::: THE DATA

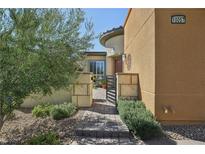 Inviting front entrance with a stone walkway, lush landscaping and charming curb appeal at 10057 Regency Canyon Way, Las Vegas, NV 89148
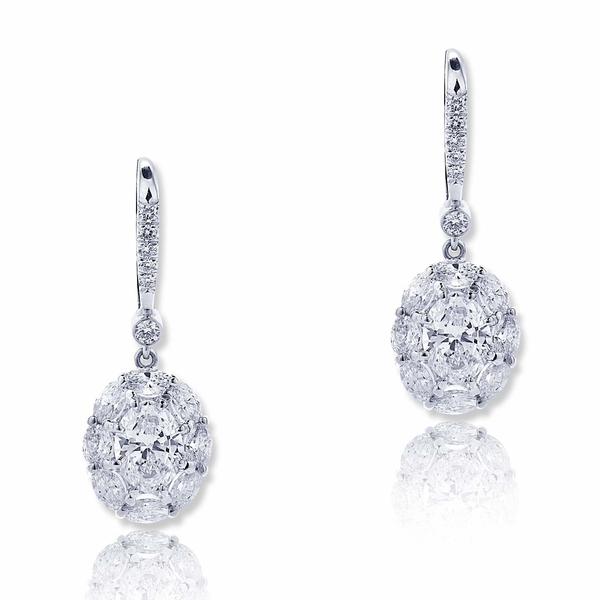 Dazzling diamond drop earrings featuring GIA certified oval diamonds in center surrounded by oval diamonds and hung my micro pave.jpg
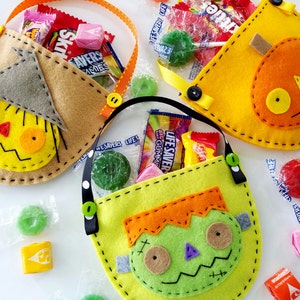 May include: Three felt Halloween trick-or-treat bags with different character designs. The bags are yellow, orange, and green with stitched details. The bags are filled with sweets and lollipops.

::::::
::: THE DATA

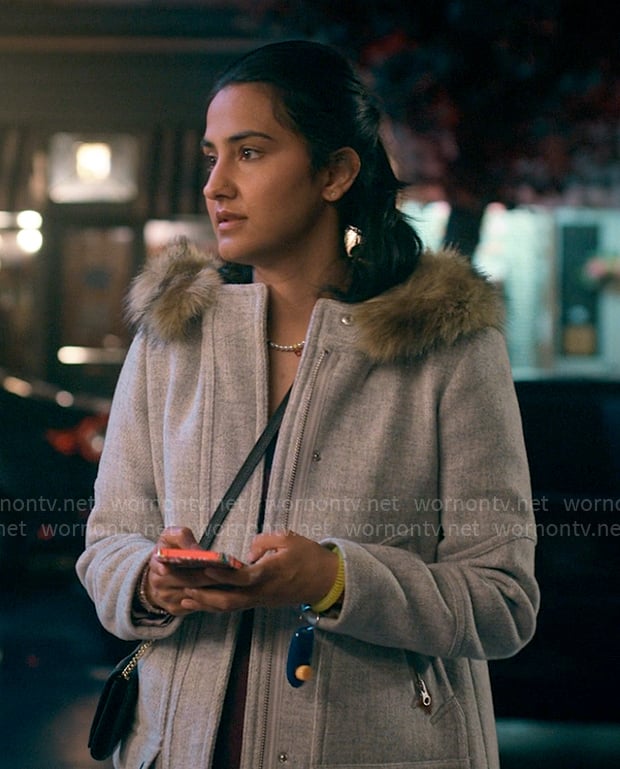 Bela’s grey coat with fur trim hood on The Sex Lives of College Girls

::::::

PROBLEM DETAILS: Transcribe the listing above exactly, but only from the line with "Dazzling diamond drop" through the line with "May include: Three". Include both of those lines and omit the pictures.

OUTPUT OF THE TASK:
 Dazzling diamond drop earrings featuring GIA certified oval diamonds in center surrounded by oval diamonds and hung my micro pave.jpg
 May include: Three felt Halloween trick-or-treat bags with different character designs. The bags are yellow, orange, and green with stitched details. The bags are filled with sweets and lollipops.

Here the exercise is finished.